Russia admitted that its plane had entered Turkey, but it claimed it was done “by mistake” and promised it wouldn’t happen again. A U.S. defense official dismissed that explanation, according to CBS News.
The Russian war planes also came as close as they’ve ever been to U.S. planes over Syria, CBS News reported. The Russians came within 20 miles of American pilots, who were able to locate them on targeting cameras.
NBC News reported that the Russian military has been moving its artillery and ground forces toward Hama, one of the initial targets of the Russians when they began airstrikes.
A senior defense official told NBC News, “So much for fighting ISIS.”
U.S. officials have questioned whether Russia’s strikes are actually part of an effort to support Syrian President Bashar Assad by bombing anti-government rebels.
In September, several reports claimed half of ISIS’ fighters had been killed, and many were deserting the terror group after their pay was decreased.
Ashraf claims ISIS’ military muscle has been significantly embellished.
“They have built up this superhero status because of the way the Iraqi army just fell apart when they confronted it,” he told the paper. “But that was not very much to do with their ability to fight; it was to do with the Iraqi army, which just doesn’t have a leadership that inspires.
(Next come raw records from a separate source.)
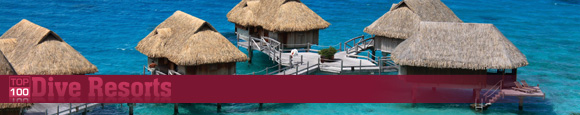 Visit the Dive Resort Listings Site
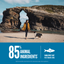 ORIJEN Six Fish Grain-Free Dry Dog Food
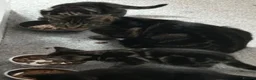 Mixed Breed cats for sale: Female black kitten - Advert 3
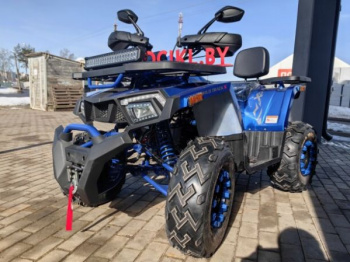 Motoland Wild Track 200 X WINCH, 2025 г.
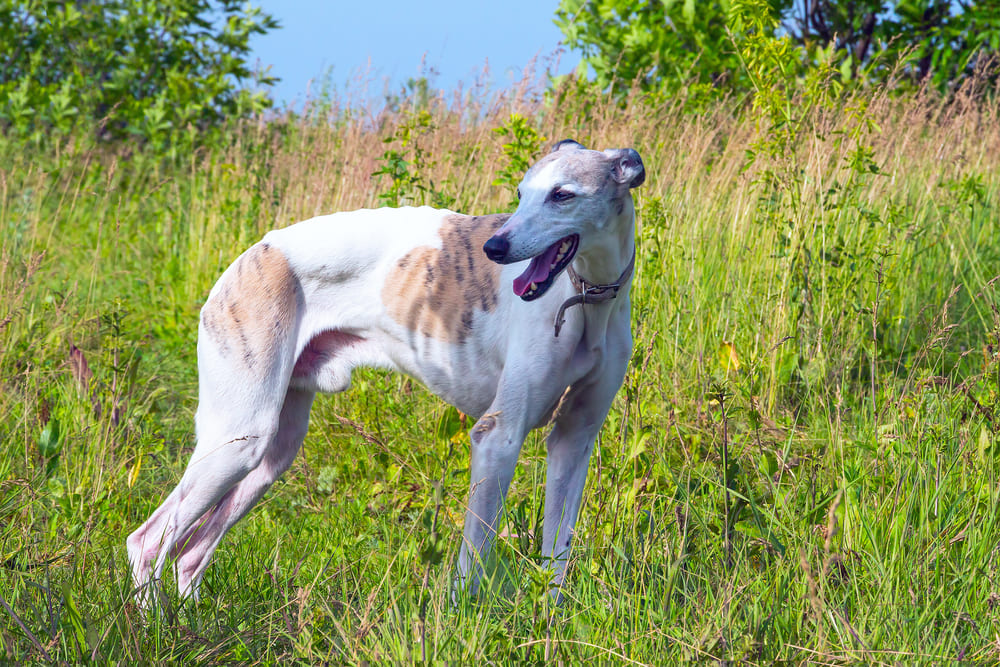 Собака greyhound
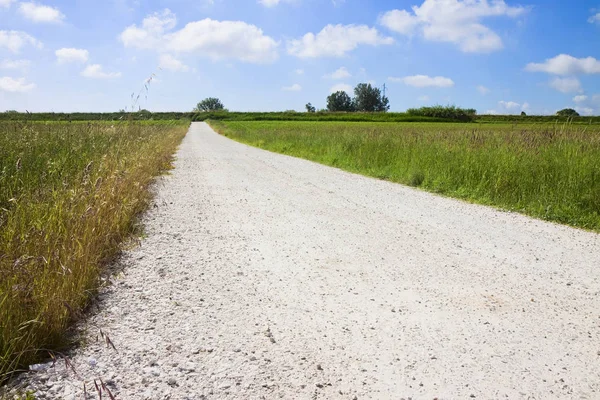 Typische Tuscany platteland weg genaamd "witte weg" (Italië) — Stockfoto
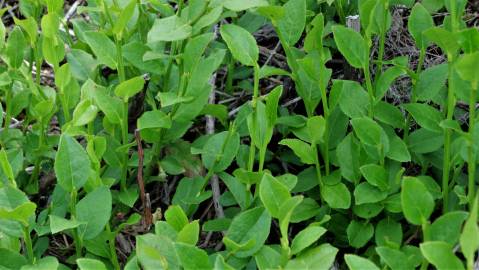 Fotografia da espécie Vaccinium myrtillus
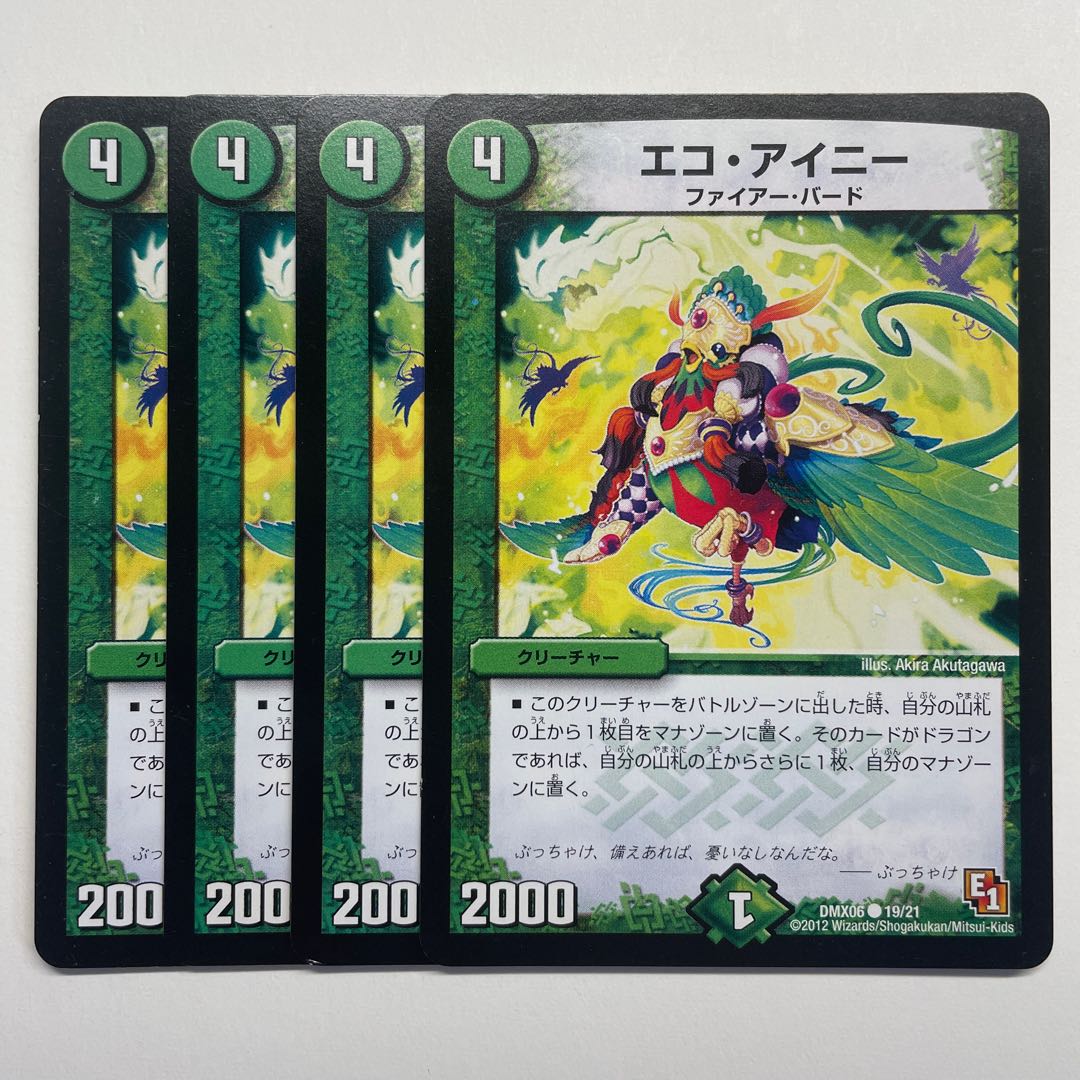 エコ・アイニー×4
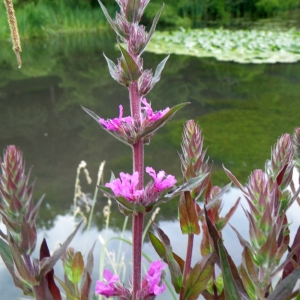 Photographie n°80674 du taxon Lythrum salicaria L.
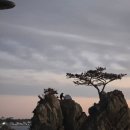 짐부티킹 | 경상도 백패킹 박지 경주 지경해변 위치 및 주차 정보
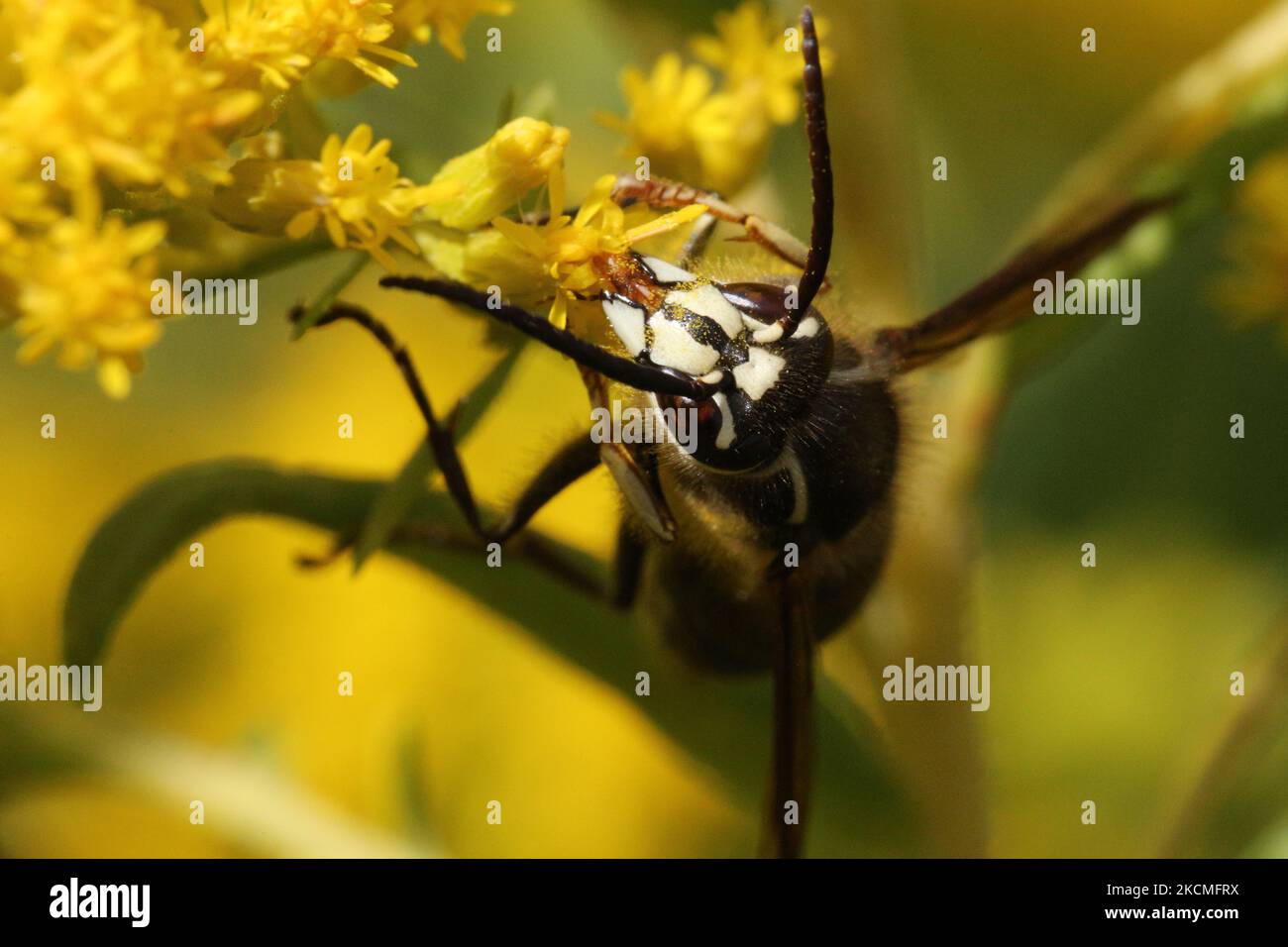 Calvo-affrontato calvo (Dolichovespula maculata) a Toronto, Ontario, Canada, il 11 settembre 2021. (Foto di Creative Touch Imaging Ltd./NurPhoto) Foto Stock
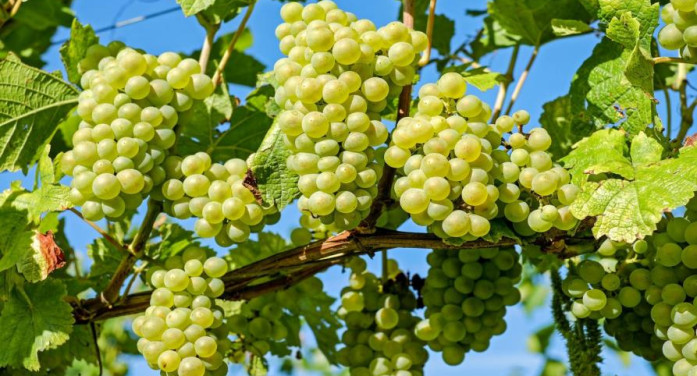 Ricerca, innovazione, promozione: la sfida del Piemonte a Vinitaly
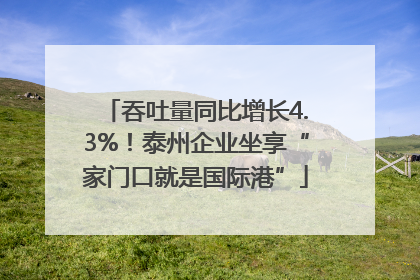 吞吐量同比增长4.3%！泰州企业坐享“家门口就是国际港”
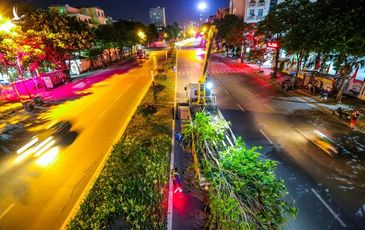 CLIP: Hà Nội di dời hàng cây phong lá đỏ trong đêm để tránh nóng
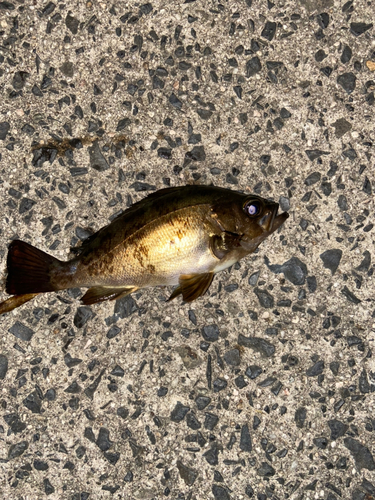 メバルの釣果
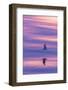 Adult Northern Fulmar (Fulmarus Glacialis) Reflected in Flight on Calm Seas Near Sisimiut-Michael Nolan-Framed Photographic Print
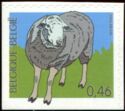 Domestic Sheep (Ovis aries)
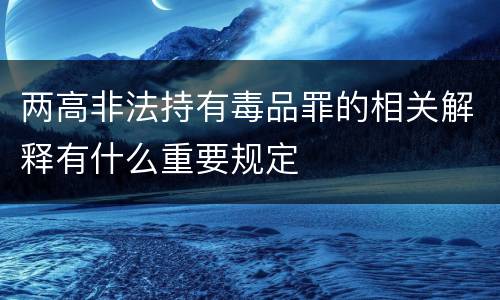 两高非法持有毒品罪的相关解释有什么重要规定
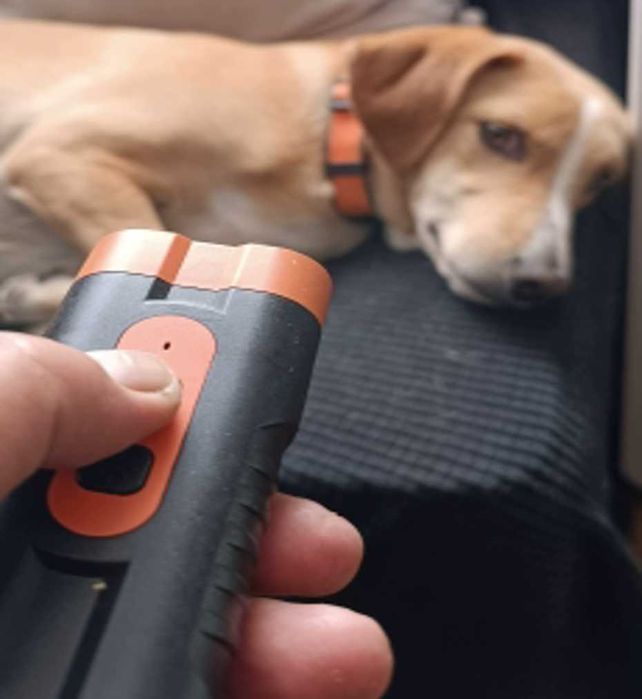 Двухлучевой ультразвуковой отпугиватель собак відлякувач (3 режима!)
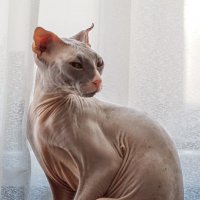 Кошка :: Наталия Крыжановская
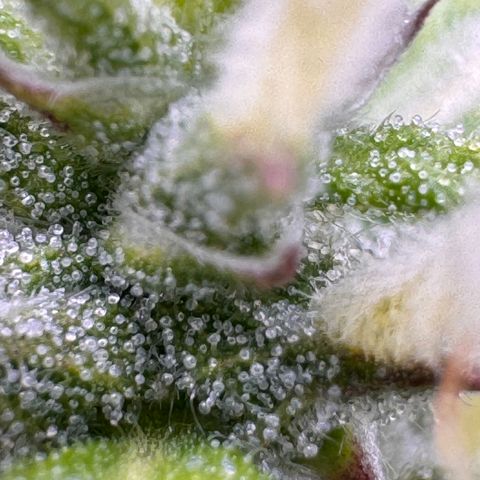 Fat Banana Auto #1 -89g growlog photo: 17:03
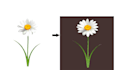professionally remove background from image, cut out photos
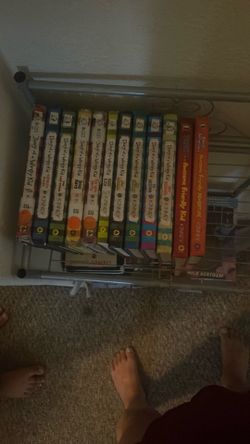 Diary of a wimpy kid series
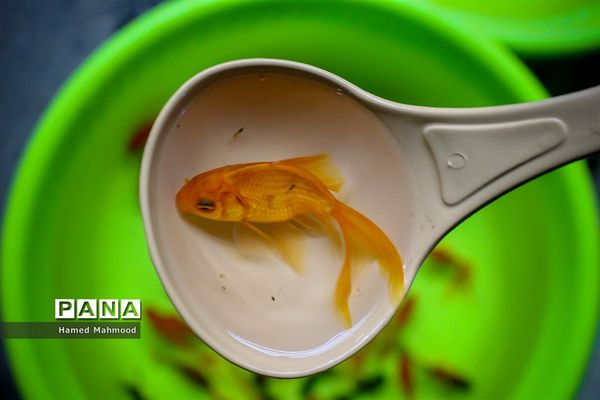 ماهی قرمز عید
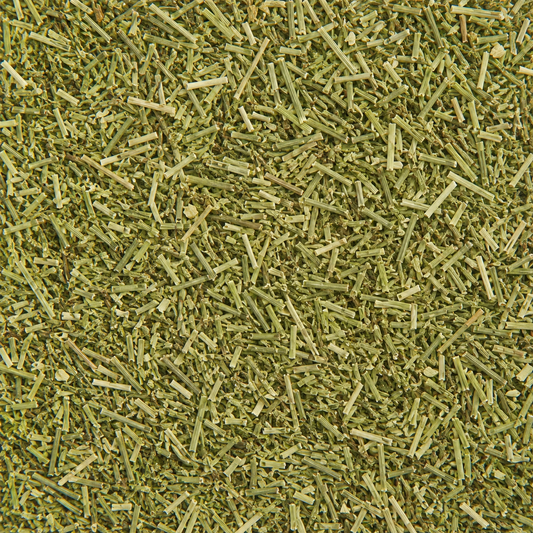 Horsetail (Shavegrass) C/S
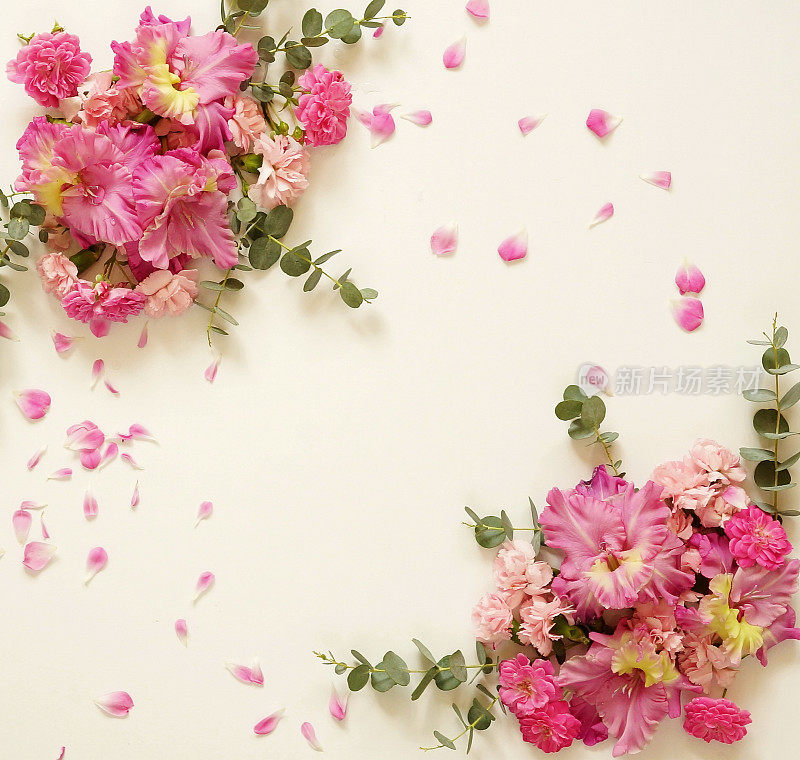 粉红色的花和桉树枝与玫瑰花瓣的框架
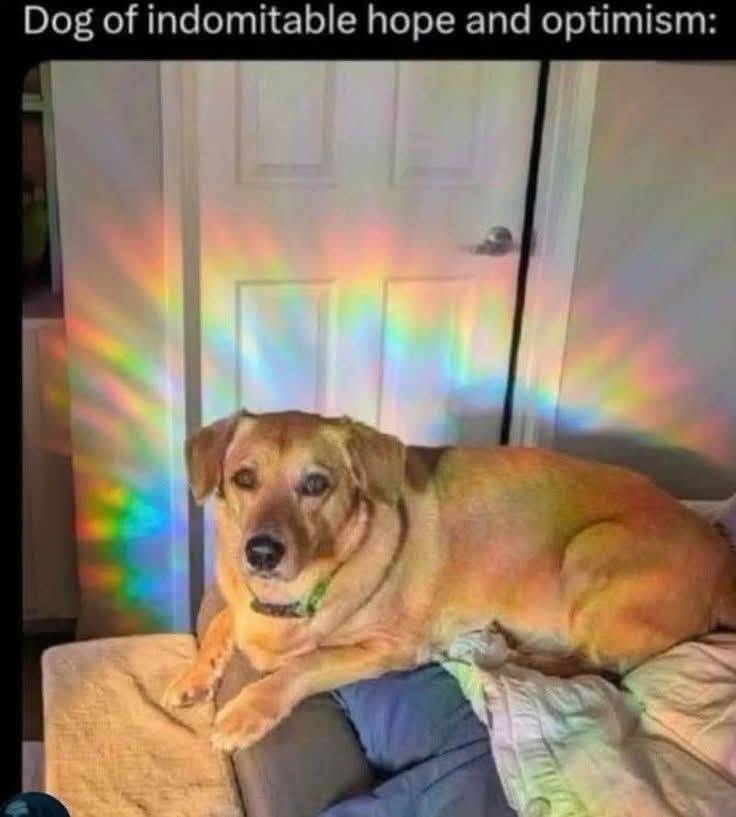 Heckin Good Dogs tweet media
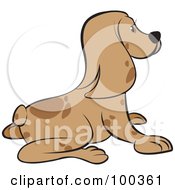 Poster, Art Print Of Brown Puppy Dog Facing Right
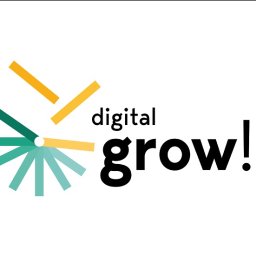 Digital Grow Sebastian Kałuża - Strategia Marketingowa Katowice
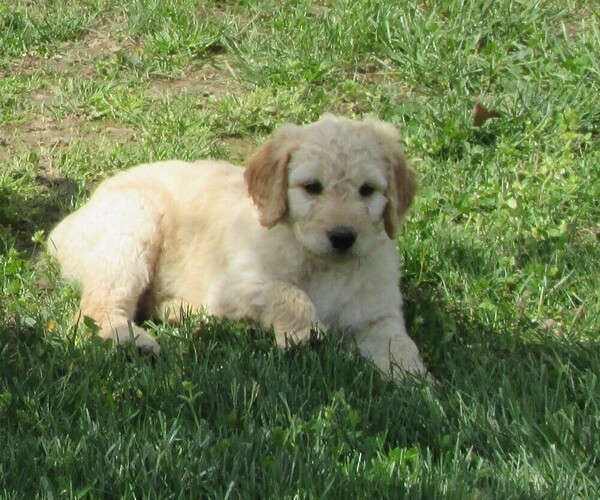 Medium Photo #10 Goldendoodle Puppy For Sale in WAYNESVILLE, MO, USA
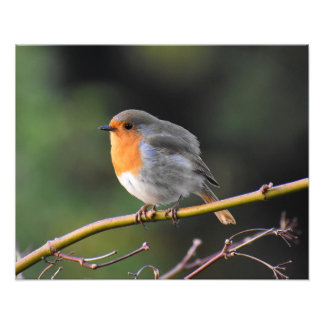 Robin Photo Print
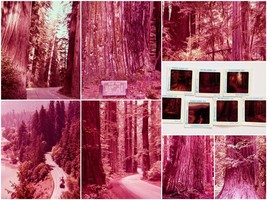 1960s Redwood Highway Scenes California 7 Pana-Vue Slides - £5.54 GBP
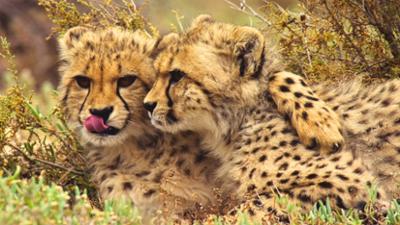 Der Geparden-Clan: Gemeinsam stark · Der Geparden-Clan (3/3)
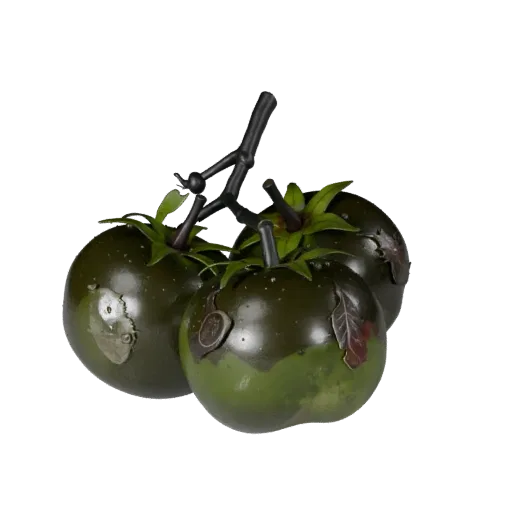 Organic Tomato Cluster Stylized 3D model, stylized isometric render, showing leaf veins, clear vegetable silhouettes.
Once you’ve got a general running off, you don’t expect the soldiers to stand and fight.
“As a result, they have given the impression that they are far more capable than they are. If we had serious forces fighting in a coordinated battle against these people, they wouldn’t last very long at all.”
In fact, the Express reported, ISIS has only actually executed one terror attack in the last 14 months.
The group indirectly inspires more attacks abroad than it manages to carry out.
According to the Henry Jackson Society, approximately 75 percent of jihadis who claim to execute attacks on behalf of ISIS were inspired by videos online and have never actually had contact with the terror group.
Ashraf told the Express that ISIS’ tactic of encouraging “lone-wolf” attacks is backfiring – because now the international community is responding.
“Late last summer, when ISIS came under attack from Western forces, it started to lash out, first through beheadings of Western hostages.
“The reason we’ve seen a fall in beheadings since then is because they achieved nothing. ISIS had a lot of demands, and they never succeeded in those demands.
“Instead, they are now encouraging attacks in other countries, but their actions both in terms of inspiring these attacks and in causing a refugee crisis have taken the heat off Syrian dictator Bashar al-Assad and have put the focus of the main threat onto them.
“What’s happening with these attacks, particularly the Tunisia attack, is that the British government has now taken an increasingly more assertive and aggressive role in the fight against them.
“ISIS has now achieved itself through its own actions what many politicians and people failed to do, and that’s to galvanize the international community against it.”